**Requirement**
In the material below, find the line containing "2-комн., 48 м², 1/5 этаж" and output it and all lines after it exactly, through the last one, without the pictures.

++++++++

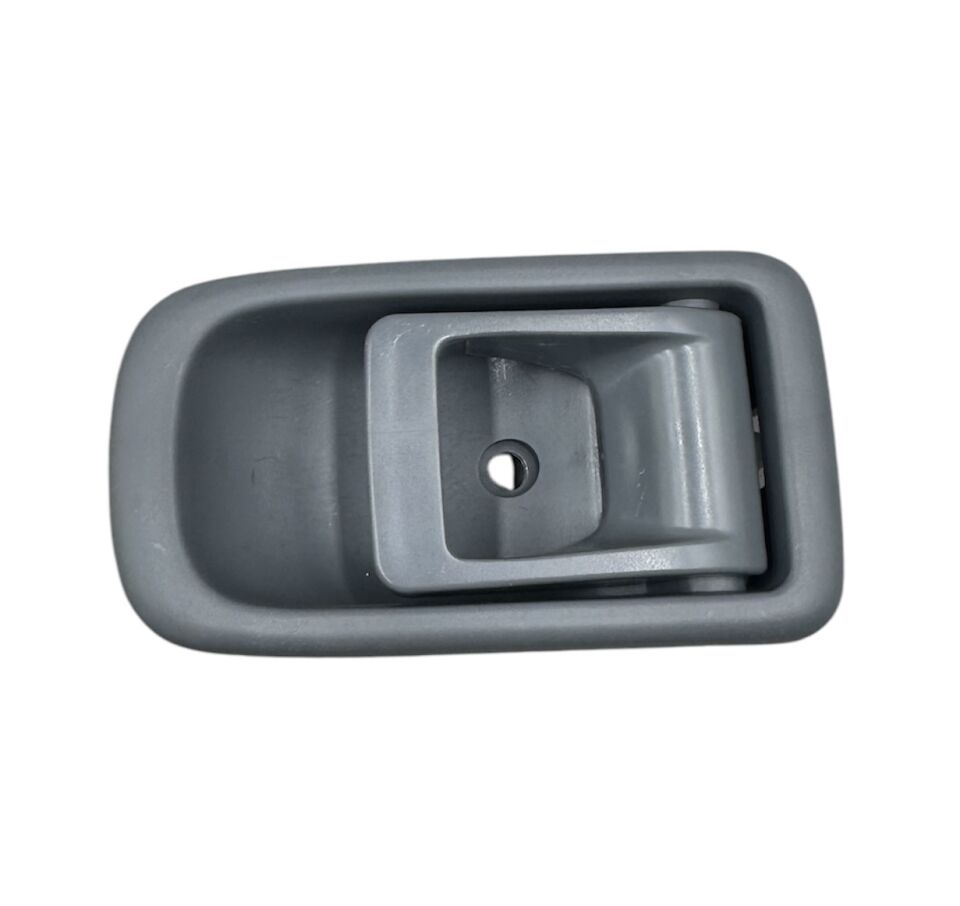 Daıhatsu Kol Kapı Hijet 91-97 Ön İç Sağ/Sol (Gri)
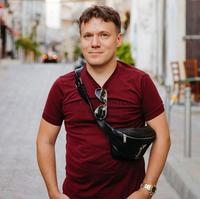 Отзыв от Олег - виза ДТВ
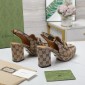 Gucci Horsebit pump , Size 35-42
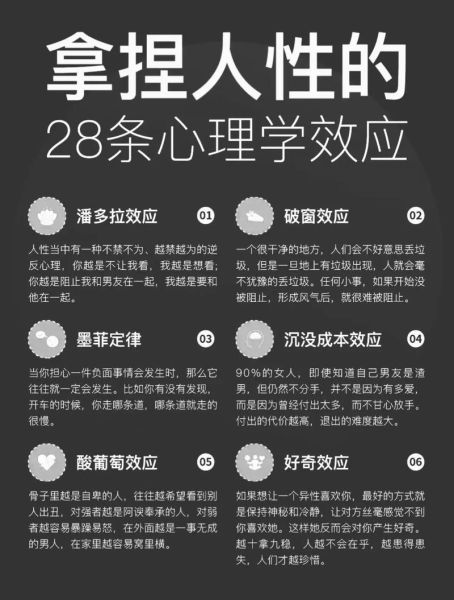 思想政治心理学是什么_如何应用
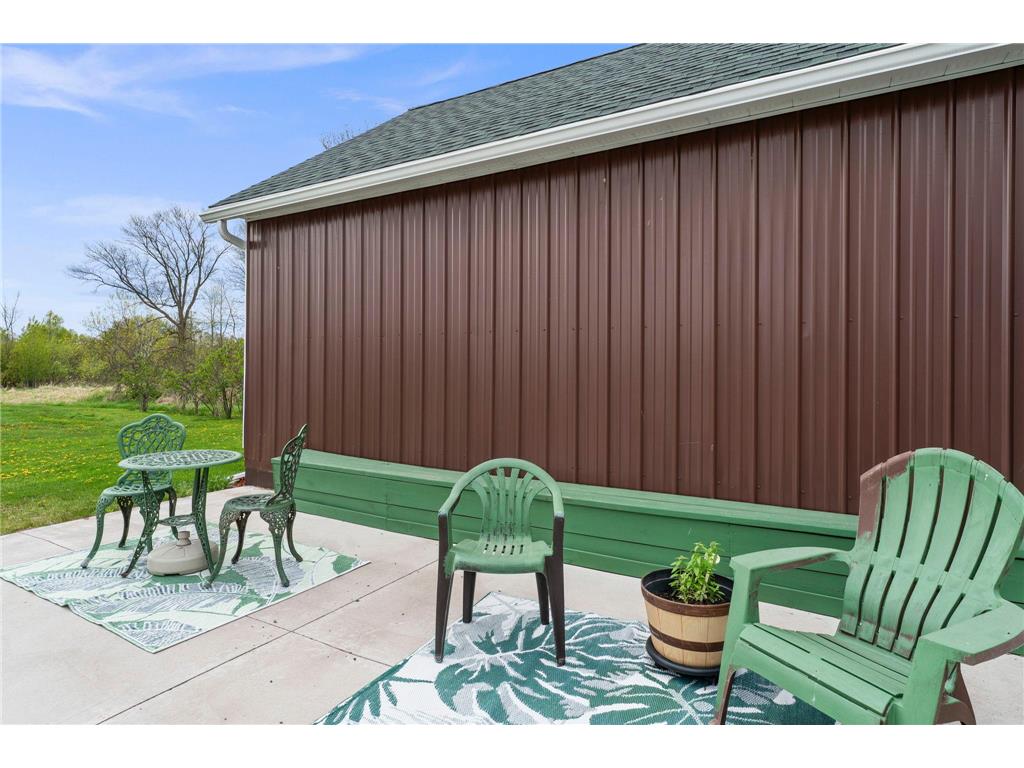 84481 Denham Road Willow River MN 55795 7074846 image43
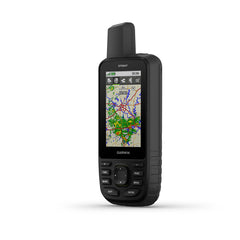GPSMAP 67 ONE SIZE
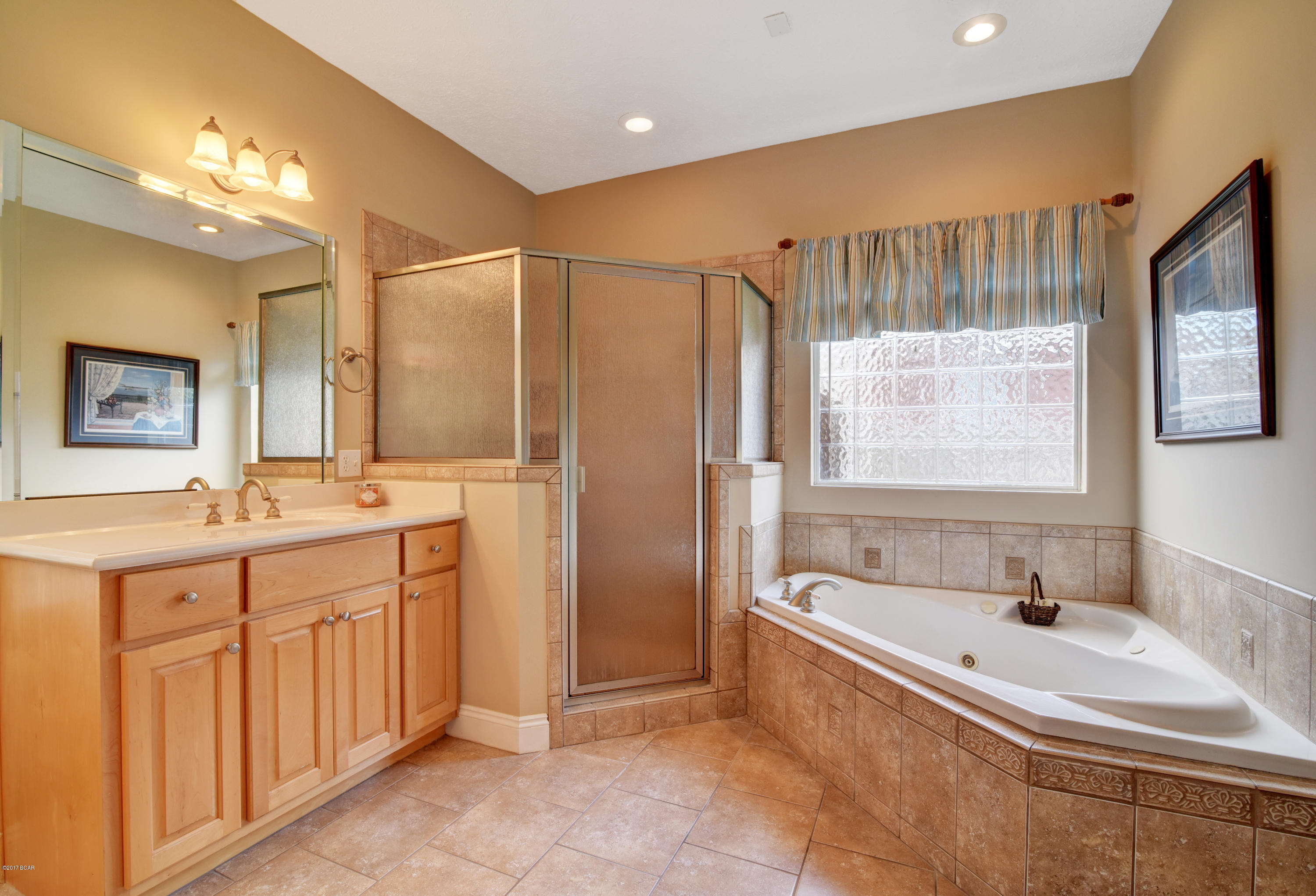 The Landings - Residential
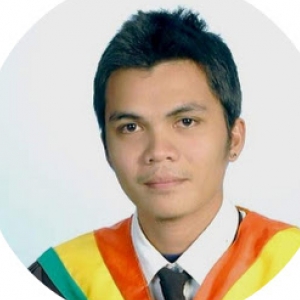 Reynald Padron-Freelancer in Cebu City,Philippines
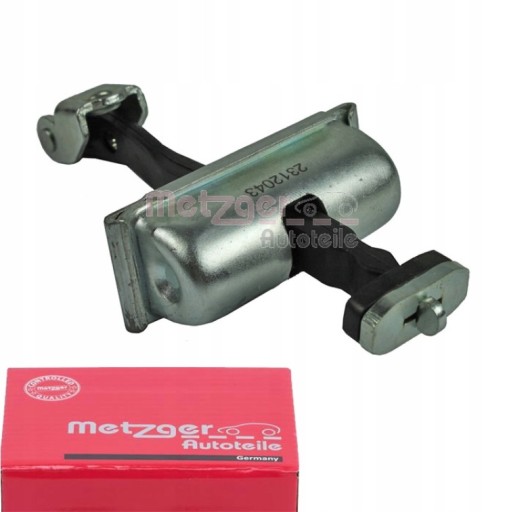 2312043 - Передняя задняя дверь ограничитель для FORD KUGA и 2.0 2.5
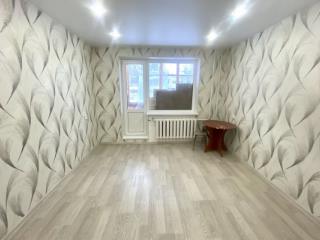 2-комн., 48 м², 1/5 этаж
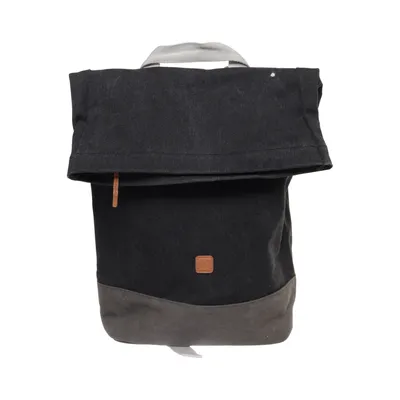 Sac à dos (Gris, Noir) de Ucon Acrobatics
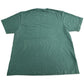 Carhartt Plain T-Shirt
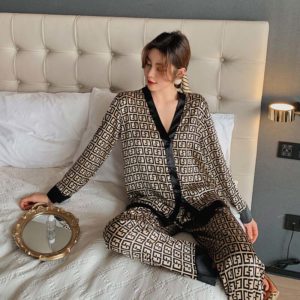 luxury-style-silky-nightwear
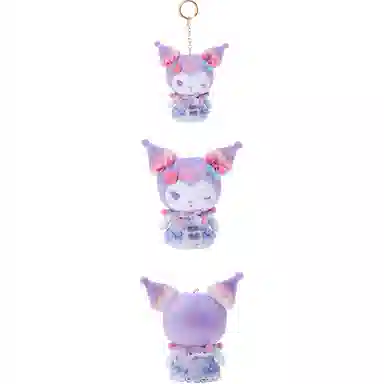 Sanrio DOLLY MIX 14cm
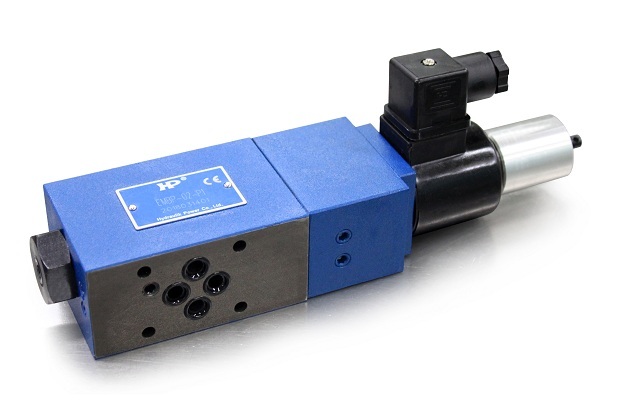 比例減壓閥運(yùn)行時(shí)出現(xiàn)噪音應(yīng)該如何處理？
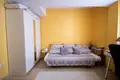 4 bedroom apartment 100 m² Adeje, Spain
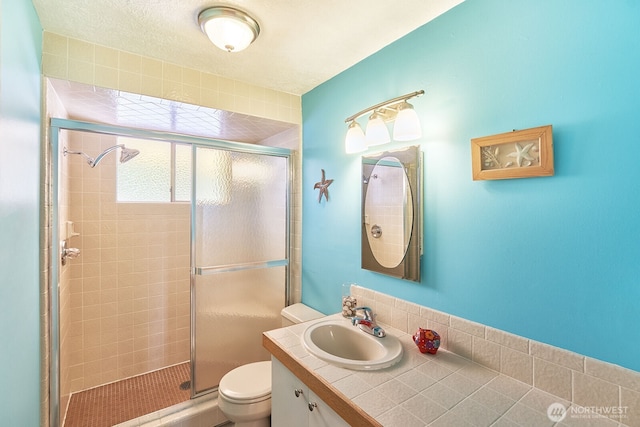 29411 K Ln, Ocean Park, WA 98640 - photo 14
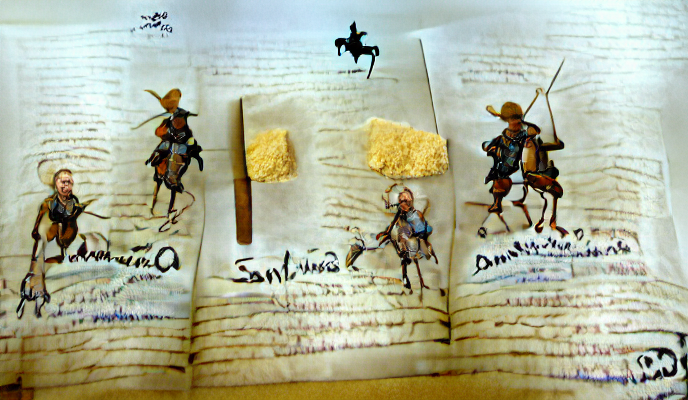 don quijote 2.png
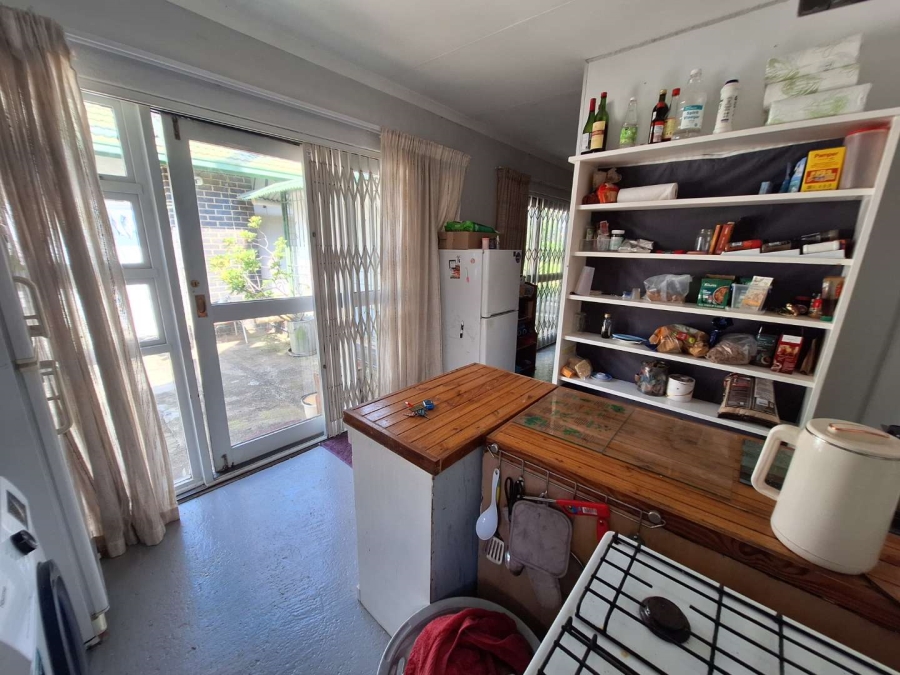 To Let 1 Bedroom Property for Rent in Bordeaux Gauteng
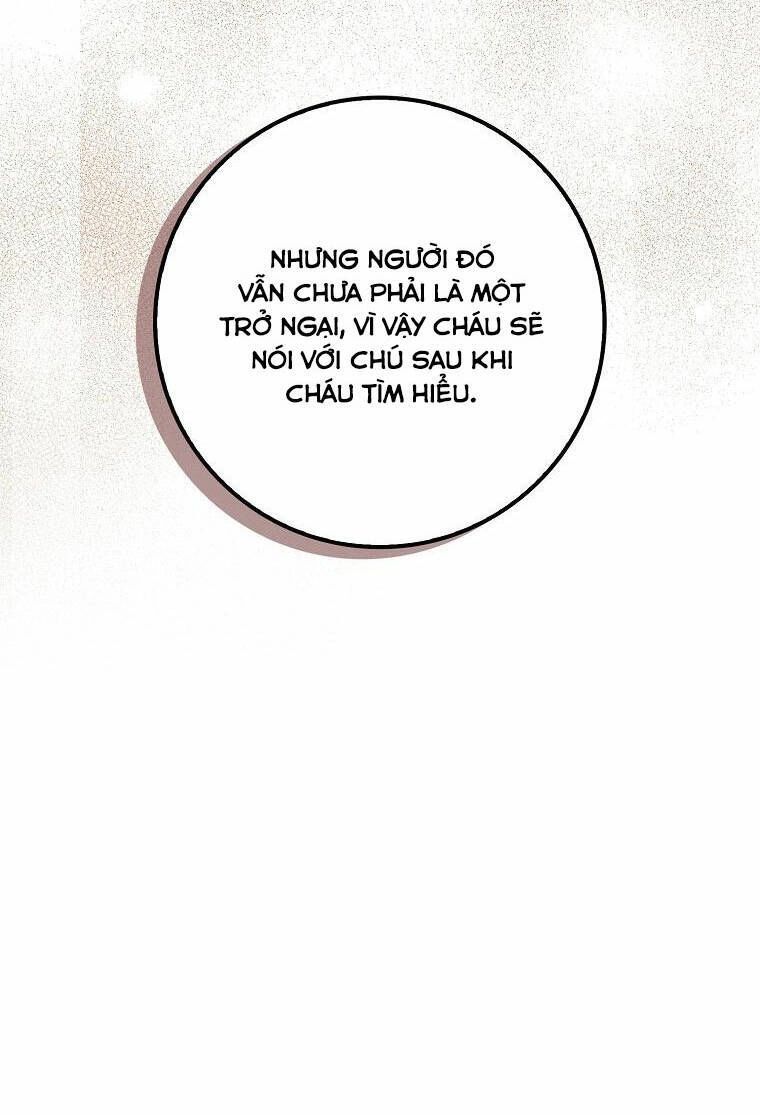 Anh Chỉ Là Đồ Bỏ Đi Của Tôi Mà Thôi Chapter 61 - 12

++++++++

**Problem solution**
 2-комн., 48 м², 1/5 этаж
 Sac à dos (Gris, Noir) de Ucon Acrobatics
 Carhartt Plain T-Shirt
 luxury-style-silky-nightwear
 Sanrio DOLLY MIX 14cm
 比例減壓閥運(yùn)行時(shí)出現(xiàn)噪音應(yīng)該如何處理？
 4 bedroom apartment 100 m² Adeje, Spain
 29411 K Ln, Ocean Park, WA 98640 - photo 14
 don quijote 2.png
 To Let 1 Bedroom Property for Rent in Bordeaux Gauteng
 Anh Chỉ Là Đồ Bỏ Đi Của Tôi Mà Thôi Chapter 61 - 12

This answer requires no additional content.